Ponder screamed. He jumped to his feet, eyes blazing. "But you'll have suffered as the rest do not!" he threatened in maniacal triumph.

"Where's the girl. Ponder?" he asked again.

"In the lobby of the Alemartre Hotel," he snarled. "You'll enjoy our little display there. The other side of the propaganda message."

Daniel got up calmly, leaving the other standing there. He reached the door, then turned. "Who's the animal, now, Ponder?" he asked quietly. "Hatred? Triumph in revenge?" He sighed. "Good-bye, Ponder." He walked out the door.

Daniel walked down the corridor to the elevator, and as he did he witnessed the final act.

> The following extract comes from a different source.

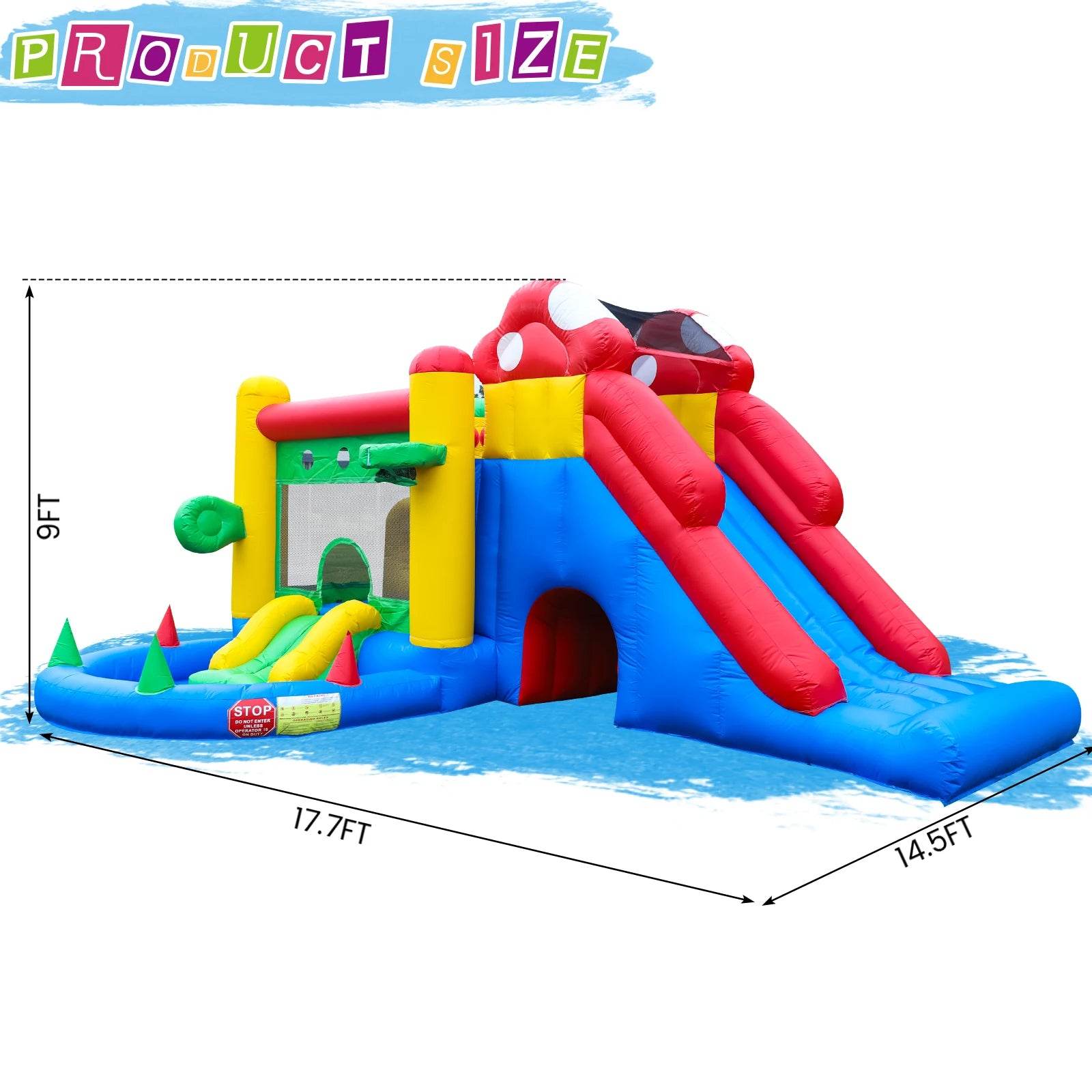 Commercial Inflatable Bounce House with PVC Bouncy Castle Slide - ToylandEU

The great Machist asteroid opened fire. The three ships returned it almost instantly, pouring enormous chunks of raw energy into the mountainous mass.

A shot was directed in the direction of the golden egg, but he was ready for it, and back near
Messenger
too fast for them. They had bigger problems. Or, perhaps, he thought grimly, they were having their final revenge. They were condemning him to live.

The mass broke for freespace, but the relentless energy pouring into it was breaking it apart. It split, revealing a weird honeycomblike interior before breaking into fragments which quickly fell prey to Ondine's gravity.

Faster the Machists fell, and faster still. The Combine ships pursued as close as they dared to ensure the breakup of the larger chunks.

They were burning now, a great meteor shower spectacular to behold from space, but hidden from ground view by Ondine's ever-present cloud cover.

"They're withdrawing!" he heard someone from Command call. "Pulling back all along the line. We've done it!"

Someone on
Dagger
sighed on the tactical channel

"I guess that's it, then," he said.

And everyone on the ships involved cheered wildly and embraced, and cried with joy.